Bien entendu, le « valeurs » de l’Union européenne, la soit-disant lutte contre la violence de genre et les porcs que l’on doit balancer, les affaires de gifles de tel ou tel député sur sa compagne, ou de harcèlement, sont une façade médiatique derrière laquelle se cache l’impunité de porcs bien plus immondes, mais dûment protégés par le système. À quoi bon dénoncer le harcèlement dans les ascenseurs ou les transports si des violeurs de mineures multirécidivistes non seulement ne sont pas poursuivis, mais sont protégés jusqu’à éliminer les victimes qui pourraient témoigner ? Comme la noblesse a le droit de chasse à cour, l’élite d’État aurait un permis de violer, y compris des mineures, de torturer et de tuer ? L’un ne justifie pas l’autre, mais cacher les pires crimes en prétendant poursuivre les moindres délits ôte toute sincérité aux valeurs affichées par une Europe en état de décomposition éthique avancée.
Il ne s’agit même plus d’une justice à deux vitesses, mais d’une justice complice de crimes que l’on peut qualifier de crimes contre l’humanité vu le nombre de victimes et l’usage de lieux qui s’apparentent à des camps de concentration, mais à caractère sexuel.

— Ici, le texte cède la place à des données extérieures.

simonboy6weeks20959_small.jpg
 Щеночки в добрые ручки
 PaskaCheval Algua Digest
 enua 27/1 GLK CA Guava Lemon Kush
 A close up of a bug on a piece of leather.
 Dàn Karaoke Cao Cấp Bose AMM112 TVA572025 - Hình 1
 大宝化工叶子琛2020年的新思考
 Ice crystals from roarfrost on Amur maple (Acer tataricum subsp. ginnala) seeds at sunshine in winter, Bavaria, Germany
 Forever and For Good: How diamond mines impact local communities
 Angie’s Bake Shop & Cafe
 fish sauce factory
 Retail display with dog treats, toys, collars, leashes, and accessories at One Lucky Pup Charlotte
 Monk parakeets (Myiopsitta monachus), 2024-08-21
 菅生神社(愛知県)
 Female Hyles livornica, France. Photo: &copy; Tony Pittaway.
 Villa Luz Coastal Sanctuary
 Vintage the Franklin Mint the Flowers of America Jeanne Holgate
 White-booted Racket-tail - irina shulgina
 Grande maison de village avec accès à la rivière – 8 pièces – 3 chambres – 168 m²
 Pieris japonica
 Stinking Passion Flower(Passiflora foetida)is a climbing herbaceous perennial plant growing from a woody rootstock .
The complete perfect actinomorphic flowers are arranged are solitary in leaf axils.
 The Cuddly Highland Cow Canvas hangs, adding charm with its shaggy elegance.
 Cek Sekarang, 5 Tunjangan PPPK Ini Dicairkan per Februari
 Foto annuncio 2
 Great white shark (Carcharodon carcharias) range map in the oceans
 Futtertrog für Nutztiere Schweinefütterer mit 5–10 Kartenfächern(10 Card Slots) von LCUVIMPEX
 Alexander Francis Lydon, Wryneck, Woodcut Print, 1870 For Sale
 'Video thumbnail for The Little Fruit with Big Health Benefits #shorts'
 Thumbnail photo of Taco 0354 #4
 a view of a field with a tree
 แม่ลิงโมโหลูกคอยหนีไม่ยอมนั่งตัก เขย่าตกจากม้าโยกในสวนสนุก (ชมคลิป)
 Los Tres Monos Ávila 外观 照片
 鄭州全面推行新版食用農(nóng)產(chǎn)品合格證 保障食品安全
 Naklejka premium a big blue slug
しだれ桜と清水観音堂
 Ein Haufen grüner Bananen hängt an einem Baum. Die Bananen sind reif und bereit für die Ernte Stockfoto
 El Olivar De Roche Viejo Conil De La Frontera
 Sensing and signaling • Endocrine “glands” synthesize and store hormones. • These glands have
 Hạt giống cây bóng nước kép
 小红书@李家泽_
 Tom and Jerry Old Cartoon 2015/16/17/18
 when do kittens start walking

Les conséquences géopolitiques en sont une volonté de destruction sans borne qui crée des guerres sur tous les continents que l’on voit à l’œuvre actuellement. Mais la dispersion que cela crée, le paradoxe d’une optimisation des profits qui provoque une désindustrialisation massive, la recherche des profits à tout prix, conséquence l’hybris même de l’oligarchie, y compris dans des armements de plus en plus chers et sophistiqués, et du coup fragiles et défaillants, la démoralisation et dégradation intellectuelle de la population occidentale, suite à une volonté de déséducation généralisée, ont des effets délétères et rendent progressivement inefficaces les sur-moyens occidentaux. Nous entrons dans une phase dialectique où l’hybris occidentale qui au plus haut, une volonté de destruction uniquement égalée par le régime nazi, lui aussi démesurément pervers, entre en contradiction avec les effets eux-mêmes destructeurs sur l’appareil industriel et les capacités scientifiques et techniques, ainsi qu'énergétiques, de ce même Occident. Il est encore capable de destructions colossales, mais son heure est comptée.
Comme dirait Samuel Beckett, l’Occident est cap au pire, mais le reste du monde veille, encore divisé et dans l’incompréhension de ses vraies motivations. Reste à espérer que le dévoilement progressif de celles-ci va finir par réveiller ceux qui croient encore en un avenir radieux sous ses hospices, avant que la volonté destructive d’une élite perverse aille jusqu’au grand saut, final et fatal.